## Record extracts
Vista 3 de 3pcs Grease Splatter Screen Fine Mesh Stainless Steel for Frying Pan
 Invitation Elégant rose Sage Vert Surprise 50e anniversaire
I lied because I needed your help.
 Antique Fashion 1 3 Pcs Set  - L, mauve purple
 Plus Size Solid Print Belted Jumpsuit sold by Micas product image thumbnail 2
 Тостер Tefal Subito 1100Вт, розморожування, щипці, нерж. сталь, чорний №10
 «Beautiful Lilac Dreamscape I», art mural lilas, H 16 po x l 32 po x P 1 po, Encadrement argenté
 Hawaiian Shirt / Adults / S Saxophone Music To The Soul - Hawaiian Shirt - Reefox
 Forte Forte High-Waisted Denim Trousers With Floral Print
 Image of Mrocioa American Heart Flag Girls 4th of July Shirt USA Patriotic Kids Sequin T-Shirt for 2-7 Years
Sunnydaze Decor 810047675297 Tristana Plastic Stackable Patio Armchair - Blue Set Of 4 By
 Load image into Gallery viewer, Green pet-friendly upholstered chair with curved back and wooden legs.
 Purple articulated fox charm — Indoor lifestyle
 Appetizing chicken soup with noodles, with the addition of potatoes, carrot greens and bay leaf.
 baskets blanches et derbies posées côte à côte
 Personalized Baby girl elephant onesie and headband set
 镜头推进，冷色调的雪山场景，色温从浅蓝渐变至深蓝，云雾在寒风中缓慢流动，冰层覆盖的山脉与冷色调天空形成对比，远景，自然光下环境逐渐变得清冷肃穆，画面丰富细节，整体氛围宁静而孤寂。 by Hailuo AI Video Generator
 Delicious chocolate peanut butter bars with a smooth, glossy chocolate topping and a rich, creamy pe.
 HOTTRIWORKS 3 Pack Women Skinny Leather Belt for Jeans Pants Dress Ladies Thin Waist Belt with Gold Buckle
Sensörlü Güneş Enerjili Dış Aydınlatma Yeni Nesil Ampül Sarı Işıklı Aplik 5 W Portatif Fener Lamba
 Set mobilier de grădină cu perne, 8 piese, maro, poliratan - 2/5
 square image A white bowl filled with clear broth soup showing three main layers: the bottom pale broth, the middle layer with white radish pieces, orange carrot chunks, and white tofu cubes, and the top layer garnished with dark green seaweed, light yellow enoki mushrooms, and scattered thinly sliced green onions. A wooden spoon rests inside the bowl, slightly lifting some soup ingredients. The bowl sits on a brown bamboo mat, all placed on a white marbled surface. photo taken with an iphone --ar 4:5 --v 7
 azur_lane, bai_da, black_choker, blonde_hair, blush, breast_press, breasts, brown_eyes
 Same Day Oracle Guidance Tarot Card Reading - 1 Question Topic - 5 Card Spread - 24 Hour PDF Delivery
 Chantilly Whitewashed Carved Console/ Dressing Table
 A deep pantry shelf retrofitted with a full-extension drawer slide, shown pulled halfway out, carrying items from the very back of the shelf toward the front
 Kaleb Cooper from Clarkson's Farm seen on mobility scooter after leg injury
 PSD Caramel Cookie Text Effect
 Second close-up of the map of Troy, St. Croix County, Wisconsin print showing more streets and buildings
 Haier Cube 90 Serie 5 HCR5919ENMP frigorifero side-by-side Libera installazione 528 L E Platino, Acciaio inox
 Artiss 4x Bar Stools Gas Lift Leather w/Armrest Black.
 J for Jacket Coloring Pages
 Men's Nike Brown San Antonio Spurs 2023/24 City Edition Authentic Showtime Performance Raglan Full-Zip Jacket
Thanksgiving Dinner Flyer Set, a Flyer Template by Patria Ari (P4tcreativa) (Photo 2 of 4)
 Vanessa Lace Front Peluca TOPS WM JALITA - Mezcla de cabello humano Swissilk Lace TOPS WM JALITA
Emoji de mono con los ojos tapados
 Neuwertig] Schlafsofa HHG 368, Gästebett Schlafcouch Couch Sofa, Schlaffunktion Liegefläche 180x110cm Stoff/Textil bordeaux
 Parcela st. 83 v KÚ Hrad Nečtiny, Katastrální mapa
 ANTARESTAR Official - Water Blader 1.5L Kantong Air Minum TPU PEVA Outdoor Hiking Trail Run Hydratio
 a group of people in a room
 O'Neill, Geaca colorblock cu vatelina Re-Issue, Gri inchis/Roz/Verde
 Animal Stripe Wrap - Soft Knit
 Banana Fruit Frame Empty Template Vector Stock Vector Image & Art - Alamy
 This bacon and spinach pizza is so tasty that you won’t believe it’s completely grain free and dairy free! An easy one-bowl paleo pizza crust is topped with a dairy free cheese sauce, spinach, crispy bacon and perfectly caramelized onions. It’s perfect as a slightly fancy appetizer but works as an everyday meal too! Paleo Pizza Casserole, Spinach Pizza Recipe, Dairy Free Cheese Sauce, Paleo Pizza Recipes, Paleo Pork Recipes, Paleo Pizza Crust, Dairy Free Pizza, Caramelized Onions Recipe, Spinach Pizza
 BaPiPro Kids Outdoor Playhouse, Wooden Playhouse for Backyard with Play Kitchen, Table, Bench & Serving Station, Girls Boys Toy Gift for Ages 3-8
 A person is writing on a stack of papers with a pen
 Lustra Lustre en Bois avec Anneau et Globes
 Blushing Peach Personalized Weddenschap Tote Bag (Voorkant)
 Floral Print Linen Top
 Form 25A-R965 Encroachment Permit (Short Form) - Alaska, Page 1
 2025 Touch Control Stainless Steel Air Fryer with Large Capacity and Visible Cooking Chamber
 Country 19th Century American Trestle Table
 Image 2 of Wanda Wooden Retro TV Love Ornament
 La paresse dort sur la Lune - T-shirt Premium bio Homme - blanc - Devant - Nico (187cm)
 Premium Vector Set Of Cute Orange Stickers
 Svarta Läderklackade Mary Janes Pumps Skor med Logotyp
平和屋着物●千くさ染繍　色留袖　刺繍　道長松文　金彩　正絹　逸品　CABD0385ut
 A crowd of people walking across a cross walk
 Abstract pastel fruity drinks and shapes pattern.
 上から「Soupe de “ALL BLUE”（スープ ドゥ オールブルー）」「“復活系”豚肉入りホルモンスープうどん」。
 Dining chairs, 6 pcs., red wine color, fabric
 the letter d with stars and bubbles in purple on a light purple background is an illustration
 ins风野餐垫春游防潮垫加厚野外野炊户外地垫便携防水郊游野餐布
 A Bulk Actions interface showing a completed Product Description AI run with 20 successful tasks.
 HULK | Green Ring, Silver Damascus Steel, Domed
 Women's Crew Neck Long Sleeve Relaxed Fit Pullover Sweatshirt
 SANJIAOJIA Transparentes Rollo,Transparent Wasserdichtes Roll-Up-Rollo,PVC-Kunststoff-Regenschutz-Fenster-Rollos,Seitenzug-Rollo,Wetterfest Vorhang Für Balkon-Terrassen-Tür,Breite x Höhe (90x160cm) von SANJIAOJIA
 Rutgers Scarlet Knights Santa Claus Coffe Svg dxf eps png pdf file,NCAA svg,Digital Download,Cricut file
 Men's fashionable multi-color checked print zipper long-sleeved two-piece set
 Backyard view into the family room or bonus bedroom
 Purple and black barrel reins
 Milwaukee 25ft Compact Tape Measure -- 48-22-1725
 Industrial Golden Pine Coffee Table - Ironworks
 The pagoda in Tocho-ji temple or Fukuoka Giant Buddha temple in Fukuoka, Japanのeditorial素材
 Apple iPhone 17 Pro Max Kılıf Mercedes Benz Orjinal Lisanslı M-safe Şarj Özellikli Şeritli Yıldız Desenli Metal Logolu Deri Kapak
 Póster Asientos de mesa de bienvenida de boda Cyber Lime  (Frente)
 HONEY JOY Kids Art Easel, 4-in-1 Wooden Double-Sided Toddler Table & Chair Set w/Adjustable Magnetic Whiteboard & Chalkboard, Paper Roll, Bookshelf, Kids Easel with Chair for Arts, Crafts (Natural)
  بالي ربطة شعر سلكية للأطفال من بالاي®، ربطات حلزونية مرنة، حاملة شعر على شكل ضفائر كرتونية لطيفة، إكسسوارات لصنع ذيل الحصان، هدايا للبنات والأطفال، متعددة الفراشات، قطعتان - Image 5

## Task item
Your answer should consist of the lines from the line with "HONEY JOY Kids" through the last line of the data, set down exactly, both included.

## Output
 HONEY JOY Kids Art Easel, 4-in-1 Wooden Double-Sided Toddler Table & Chair Set w/Adjustable Magnetic Whiteboard & Chalkboard, Paper Roll, Bookshelf, Kids Easel with Chair for Arts, Crafts (Natural)
  بالي ربطة شعر سلكية للأطفال من بالاي®، ربطات حلزونية مرنة، حاملة شعر على شكل ضفائر كرتونية لطيفة، إكسسوارات لصنع ذيل الحصان، هدايا للبنات والأطفال، متعددة الفراشات، قطعتان - Image 5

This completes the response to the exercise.